Dataset:
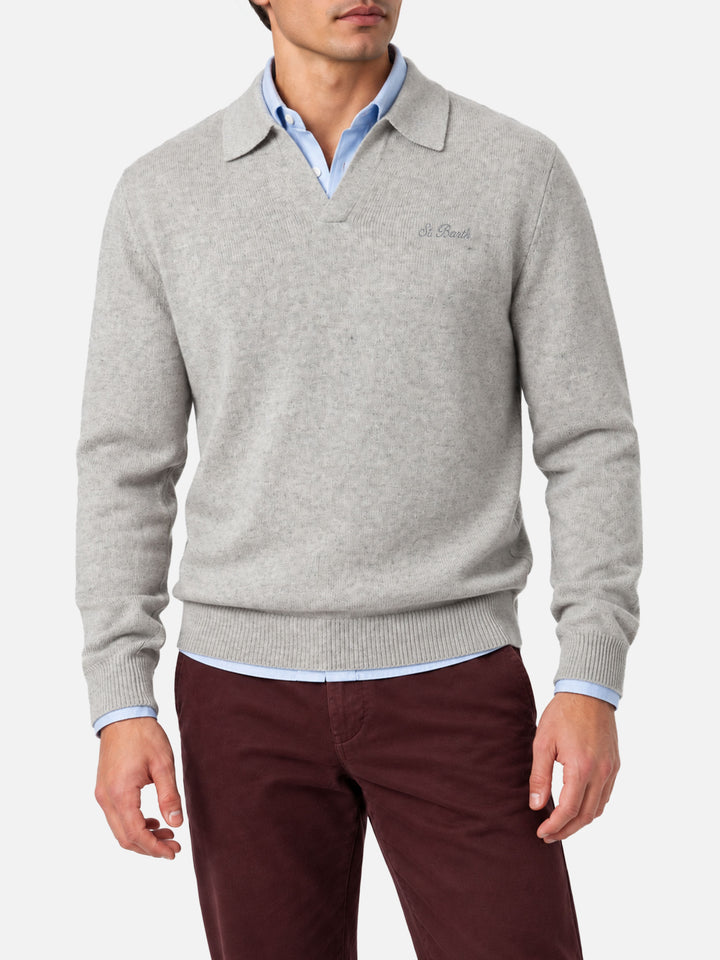 Light grey melange Covent long sleeve knitted polo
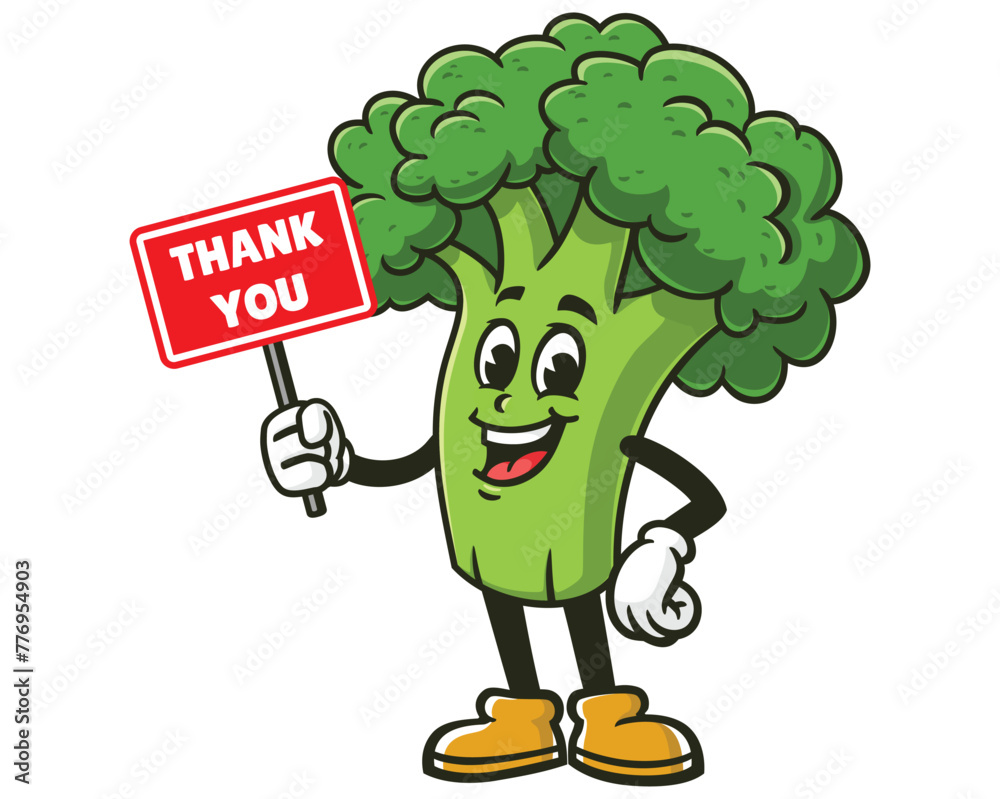 Broccoli holding thank you sign board cartoon mascot illustration ...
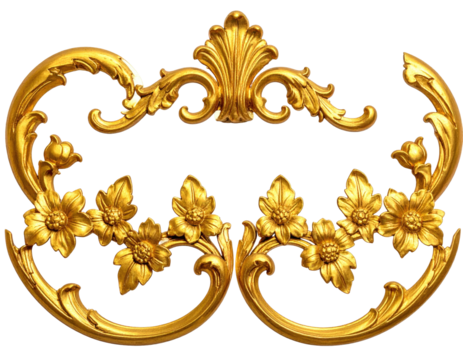 Ornate, symmetrical golden flourish design with stylized floral and leaf elements on a dark background - Powered by Adobe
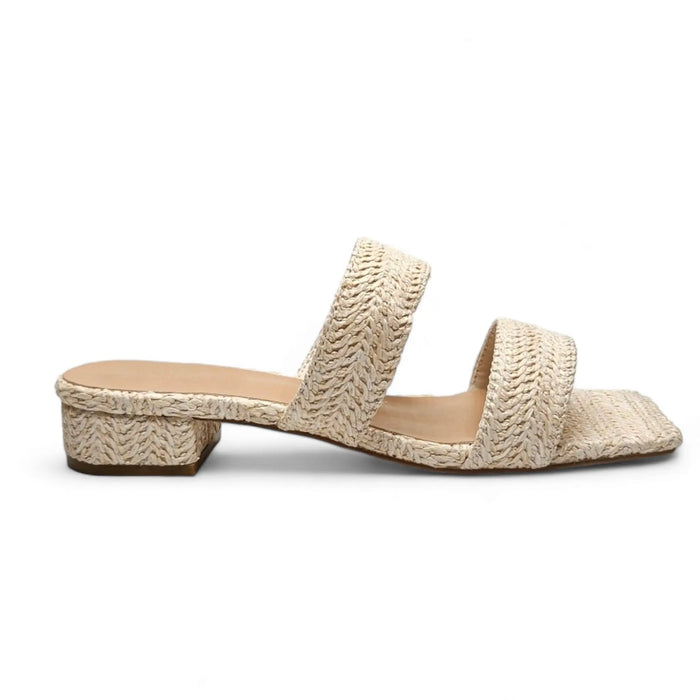 Beige Two Band Raffia Slide featuring woven design and low block heel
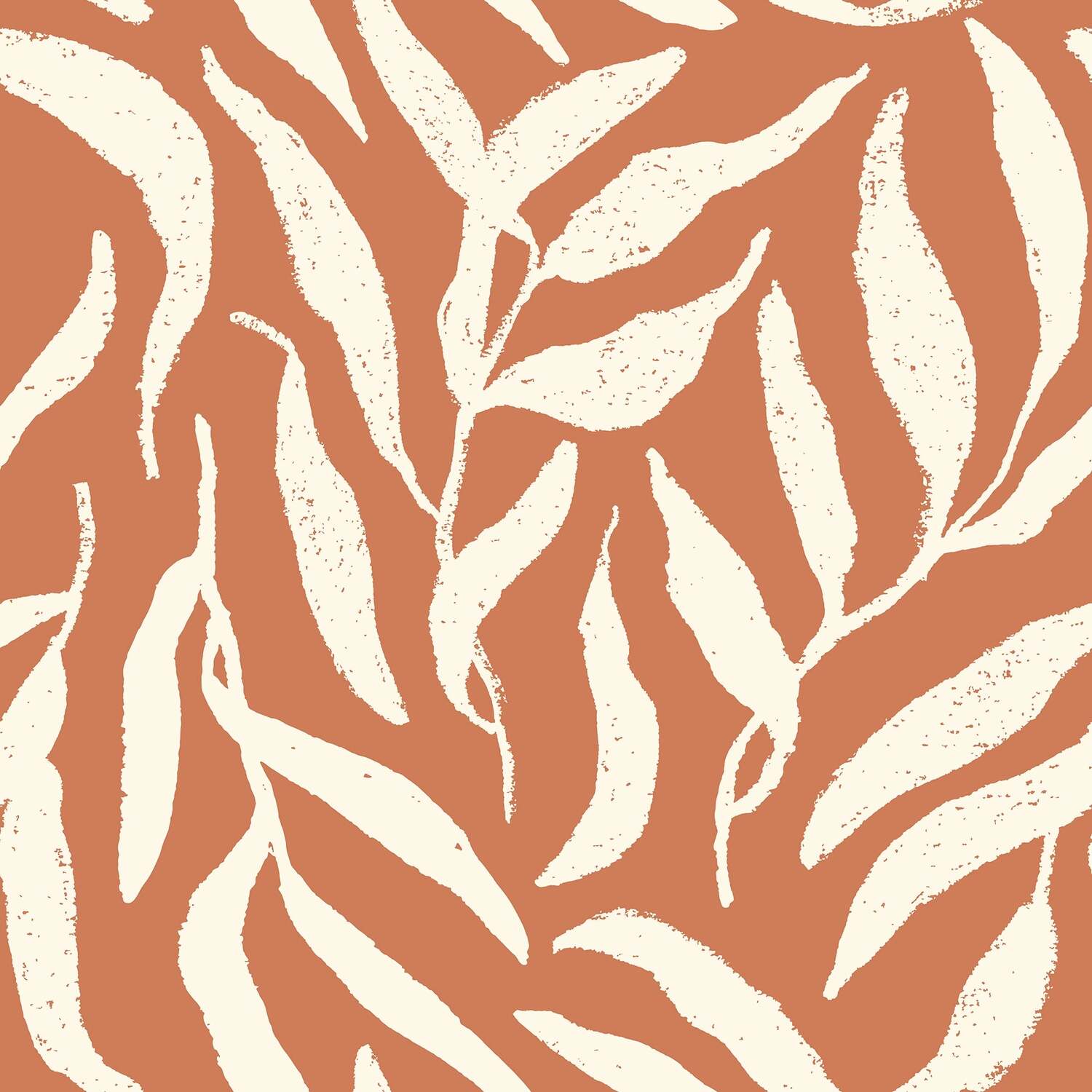 I Love Wallpaper Sample Of Olive Leaf Wallpaper In Cream On Terracotta - Red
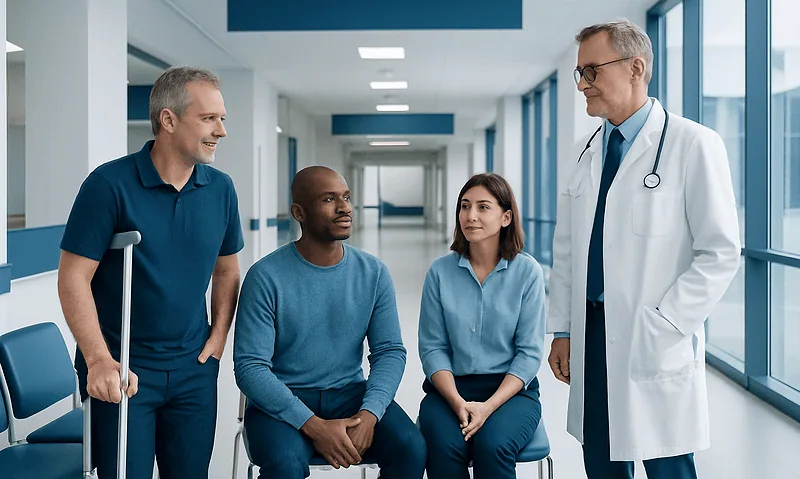 Medical team consulting with a patient in hospital corridor.
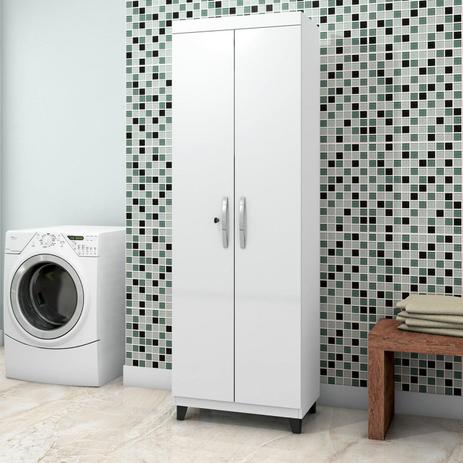 Armário Multiuso 2 Portas com Chave Asteca Valdemóveis Branco Brilho Menor preço em Armário Multiuso 2 Portas com Chave Asteca Valdemóveis Branco Brilho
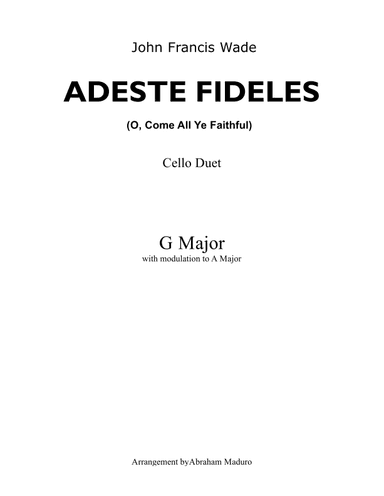 Adeste Fideles (O, Come All Ye Faithful) Violoncello Duet (arr. Abraham Maduro)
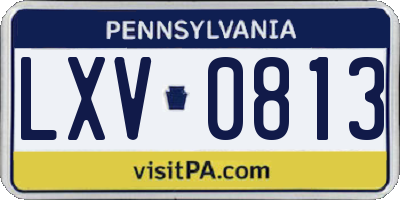 PA license plate LXV0813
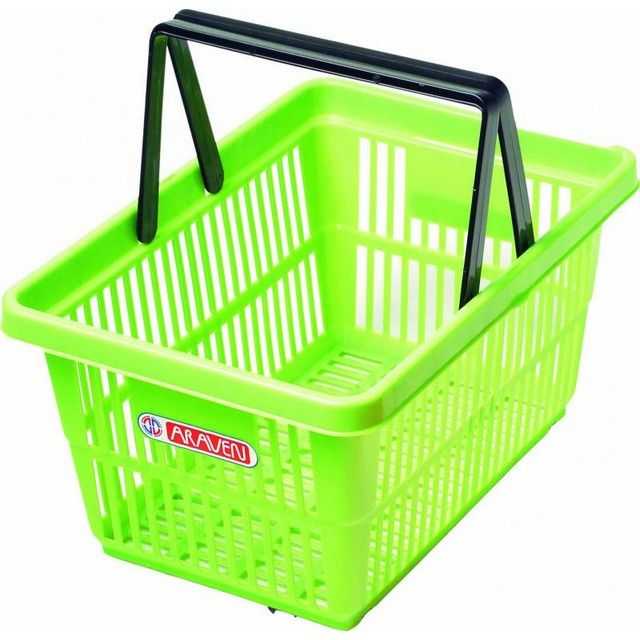 Plastic HandBasket Green 22L - باسكت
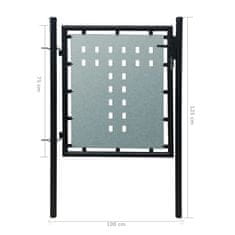 Vidaxl Čierna jednokrídlová plotová brána 100x125 cm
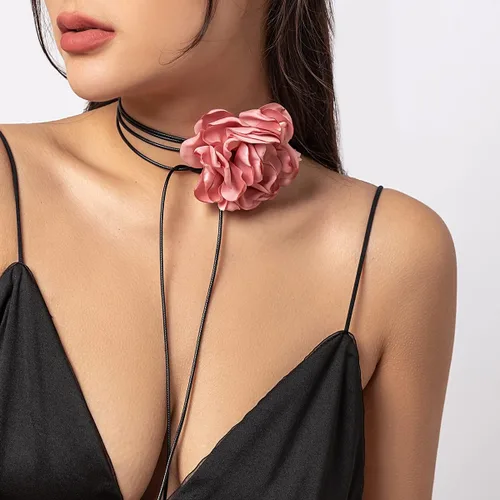 Gargantilla de flores vintage, gótica, grande, cuello de rosa, cadena larga de cuero, corbata, floral, accesorios para el cuello, joyería para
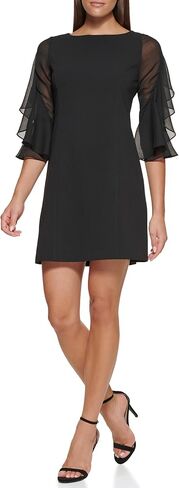 Tommy Hilfiger Womens Polyester Spandex Pattern Sheath Midi Layered Dress in Kuwait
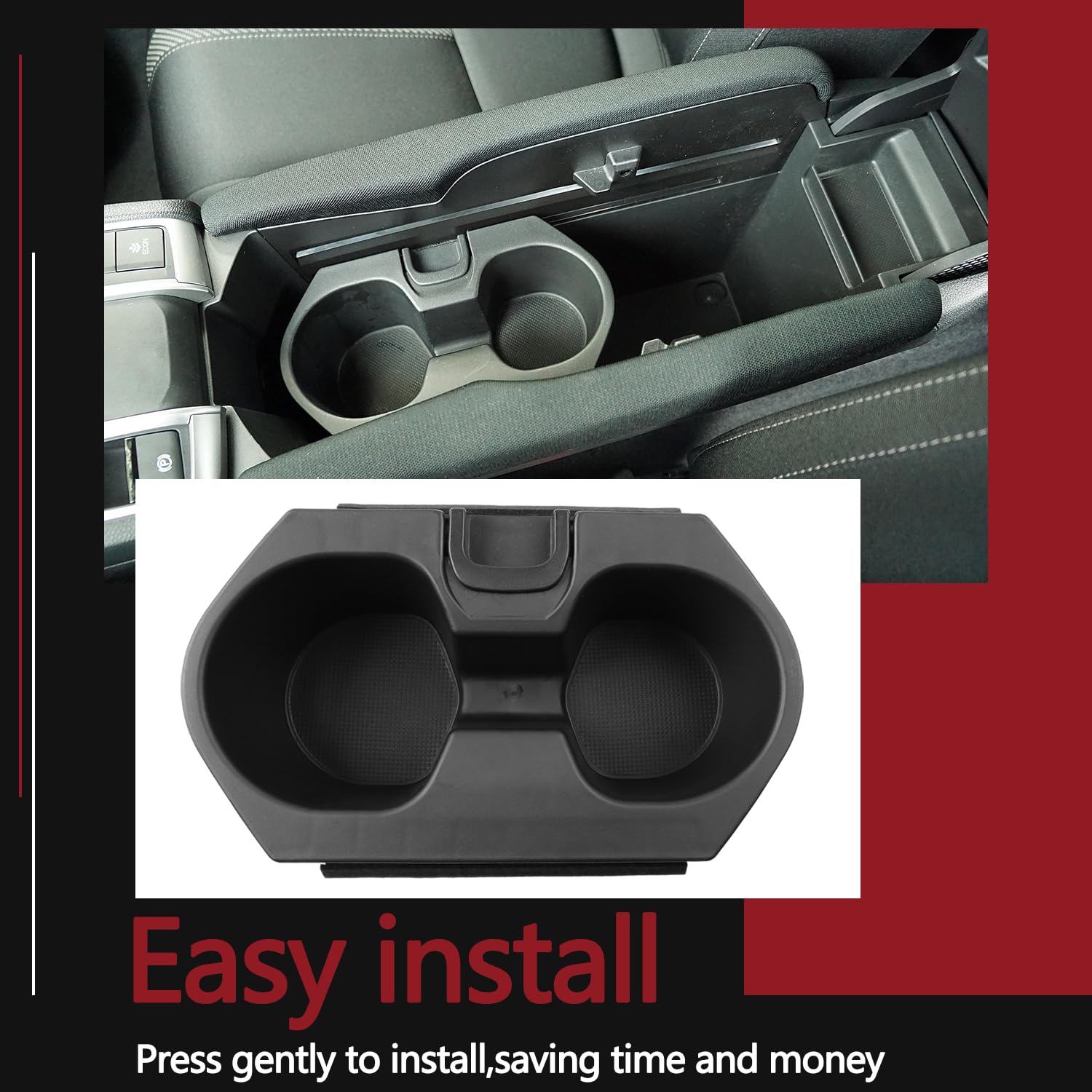 Cup Holder Insert Accessories for Honda Civic 2016-2021 Lx Ex Si Sport Hatchback Coupe Sedan Insight,Center Console Drink Bottle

Exercise objective: Excluding the pictures, transcribe all of the entries exactly.

Answer to this task:
 Light grey melange Covent long sleeve knitted polo
 Broccoli holding thank you sign board cartoon mascot illustration ...
 Ornate, symmetrical golden flourish design with stylized floral and leaf elements on a dark background - Powered by Adobe
 Beige Two Band Raffia Slide featuring woven design and low block heel
 I Love Wallpaper Sample Of Olive Leaf Wallpaper In Cream On Terracotta - Red
 Medical team consulting with a patient in hospital corridor.
 Armário Multiuso 2 Portas com Chave Asteca Valdemóveis Branco Brilho Menor preço em Armário Multiuso 2 Portas com Chave Asteca Valdemóveis Branco Brilho
 Adeste Fideles (O, Come All Ye Faithful) Violoncello Duet (arr. Abraham Maduro)
 PA license plate LXV0813
 Plastic HandBasket Green 22L - باسكت
 Vidaxl Čierna jednokrídlová plotová brána 100x125 cm
 Gargantilla de flores vintage, gótica, grande, cuello de rosa, cadena larga de cuero, corbata, floral, accesorios para el cuello, joyería para
 Tommy Hilfiger Womens Polyester Spandex Pattern Sheath Midi Layered Dress in Kuwait
 Cup Holder Insert Accessories for Honda Civic 2016-2021 Lx Ex Si Sport Hatchback Coupe Sedan Insight,Center Console Drink Bottle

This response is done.